**Task to complete**
Scan the listing below and copy every line holding "Cute".

**Material supplied**

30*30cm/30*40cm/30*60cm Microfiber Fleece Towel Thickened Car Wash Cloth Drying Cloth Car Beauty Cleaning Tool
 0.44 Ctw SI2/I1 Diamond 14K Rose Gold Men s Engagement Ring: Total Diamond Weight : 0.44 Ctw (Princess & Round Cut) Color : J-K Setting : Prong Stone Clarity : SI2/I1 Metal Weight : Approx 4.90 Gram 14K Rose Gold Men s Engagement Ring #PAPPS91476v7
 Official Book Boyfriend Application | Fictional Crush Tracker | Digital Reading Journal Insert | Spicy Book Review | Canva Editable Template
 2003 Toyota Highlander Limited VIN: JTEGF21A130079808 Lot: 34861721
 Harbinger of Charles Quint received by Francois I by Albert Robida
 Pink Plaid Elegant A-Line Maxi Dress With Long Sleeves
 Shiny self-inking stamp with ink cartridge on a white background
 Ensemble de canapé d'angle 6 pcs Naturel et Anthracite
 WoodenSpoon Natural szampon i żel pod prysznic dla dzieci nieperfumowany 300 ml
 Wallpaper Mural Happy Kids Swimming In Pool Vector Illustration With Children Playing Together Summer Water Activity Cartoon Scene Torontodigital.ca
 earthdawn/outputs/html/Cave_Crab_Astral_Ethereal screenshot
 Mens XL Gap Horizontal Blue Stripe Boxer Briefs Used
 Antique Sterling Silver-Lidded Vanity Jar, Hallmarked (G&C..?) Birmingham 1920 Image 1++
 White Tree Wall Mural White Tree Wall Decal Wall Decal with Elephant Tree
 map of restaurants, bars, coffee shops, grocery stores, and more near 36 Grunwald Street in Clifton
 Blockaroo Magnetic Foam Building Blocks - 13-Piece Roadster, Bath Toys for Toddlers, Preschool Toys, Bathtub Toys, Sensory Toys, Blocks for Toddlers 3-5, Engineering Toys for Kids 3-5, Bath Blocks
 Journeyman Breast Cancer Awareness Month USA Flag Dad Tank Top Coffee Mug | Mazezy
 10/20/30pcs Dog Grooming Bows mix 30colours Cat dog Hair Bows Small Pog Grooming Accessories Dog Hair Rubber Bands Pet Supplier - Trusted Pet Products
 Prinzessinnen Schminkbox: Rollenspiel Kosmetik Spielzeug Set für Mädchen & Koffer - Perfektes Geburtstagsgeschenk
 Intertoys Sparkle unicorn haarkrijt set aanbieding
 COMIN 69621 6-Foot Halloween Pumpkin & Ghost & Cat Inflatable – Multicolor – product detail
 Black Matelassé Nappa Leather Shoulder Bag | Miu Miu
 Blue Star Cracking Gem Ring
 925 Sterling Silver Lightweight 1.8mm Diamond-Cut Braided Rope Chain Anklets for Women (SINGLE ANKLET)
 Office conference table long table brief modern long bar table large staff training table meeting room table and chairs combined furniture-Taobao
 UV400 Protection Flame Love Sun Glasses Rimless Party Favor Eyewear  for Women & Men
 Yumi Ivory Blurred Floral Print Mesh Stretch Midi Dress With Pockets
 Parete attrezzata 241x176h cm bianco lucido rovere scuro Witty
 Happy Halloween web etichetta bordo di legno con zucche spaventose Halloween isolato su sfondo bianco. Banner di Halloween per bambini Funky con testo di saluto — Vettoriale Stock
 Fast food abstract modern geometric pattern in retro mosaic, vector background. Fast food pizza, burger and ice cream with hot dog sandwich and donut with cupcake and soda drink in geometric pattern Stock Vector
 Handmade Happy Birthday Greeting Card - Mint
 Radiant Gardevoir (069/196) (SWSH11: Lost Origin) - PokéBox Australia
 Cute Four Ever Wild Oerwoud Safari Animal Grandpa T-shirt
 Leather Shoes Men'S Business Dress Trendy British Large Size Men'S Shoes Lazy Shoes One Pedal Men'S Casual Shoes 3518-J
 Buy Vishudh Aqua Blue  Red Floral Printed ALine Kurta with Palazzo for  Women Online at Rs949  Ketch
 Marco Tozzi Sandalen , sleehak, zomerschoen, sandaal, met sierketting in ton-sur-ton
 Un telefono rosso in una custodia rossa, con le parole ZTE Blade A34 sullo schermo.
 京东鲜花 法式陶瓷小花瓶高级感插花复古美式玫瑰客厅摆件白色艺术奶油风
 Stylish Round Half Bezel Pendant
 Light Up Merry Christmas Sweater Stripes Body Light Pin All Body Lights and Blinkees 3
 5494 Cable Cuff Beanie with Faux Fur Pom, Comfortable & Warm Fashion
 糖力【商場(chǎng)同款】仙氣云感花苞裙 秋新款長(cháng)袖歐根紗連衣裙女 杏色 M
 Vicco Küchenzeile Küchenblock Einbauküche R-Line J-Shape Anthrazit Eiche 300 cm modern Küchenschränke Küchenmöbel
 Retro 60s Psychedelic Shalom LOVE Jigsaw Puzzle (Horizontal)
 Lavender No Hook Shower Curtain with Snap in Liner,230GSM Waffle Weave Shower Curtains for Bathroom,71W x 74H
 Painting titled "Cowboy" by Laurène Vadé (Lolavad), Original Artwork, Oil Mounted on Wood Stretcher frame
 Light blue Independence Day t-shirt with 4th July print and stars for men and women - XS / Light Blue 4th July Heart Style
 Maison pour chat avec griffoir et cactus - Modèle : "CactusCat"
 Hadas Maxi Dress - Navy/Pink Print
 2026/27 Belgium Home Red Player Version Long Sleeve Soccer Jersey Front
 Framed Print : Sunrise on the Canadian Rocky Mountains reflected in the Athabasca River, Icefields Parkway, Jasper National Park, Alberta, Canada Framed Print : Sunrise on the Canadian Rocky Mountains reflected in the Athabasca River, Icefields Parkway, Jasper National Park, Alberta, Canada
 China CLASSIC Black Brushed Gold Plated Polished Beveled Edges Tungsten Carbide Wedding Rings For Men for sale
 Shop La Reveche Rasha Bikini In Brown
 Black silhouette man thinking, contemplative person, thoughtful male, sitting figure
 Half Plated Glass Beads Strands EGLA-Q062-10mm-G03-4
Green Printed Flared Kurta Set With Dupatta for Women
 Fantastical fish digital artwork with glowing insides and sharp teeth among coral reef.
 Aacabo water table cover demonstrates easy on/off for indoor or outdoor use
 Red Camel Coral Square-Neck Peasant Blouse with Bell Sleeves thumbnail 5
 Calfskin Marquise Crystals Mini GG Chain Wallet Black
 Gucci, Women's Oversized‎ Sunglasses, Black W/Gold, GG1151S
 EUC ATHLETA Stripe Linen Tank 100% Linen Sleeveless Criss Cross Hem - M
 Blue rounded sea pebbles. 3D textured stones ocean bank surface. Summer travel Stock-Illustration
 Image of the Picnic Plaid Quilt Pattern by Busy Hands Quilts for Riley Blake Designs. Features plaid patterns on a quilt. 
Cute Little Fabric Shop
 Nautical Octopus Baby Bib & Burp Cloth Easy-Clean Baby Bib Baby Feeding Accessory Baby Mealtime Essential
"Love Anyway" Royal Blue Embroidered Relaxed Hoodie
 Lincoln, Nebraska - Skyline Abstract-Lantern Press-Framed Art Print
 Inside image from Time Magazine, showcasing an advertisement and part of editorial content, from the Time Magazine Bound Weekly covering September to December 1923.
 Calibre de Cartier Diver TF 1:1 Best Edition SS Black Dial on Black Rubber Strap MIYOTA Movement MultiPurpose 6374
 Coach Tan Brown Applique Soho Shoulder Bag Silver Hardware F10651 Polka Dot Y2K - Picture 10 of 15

**Written response**
 Cute Four Ever Wild Oerwoud Safari Animal Grandpa T-shirt
Cute Little Fabric Shop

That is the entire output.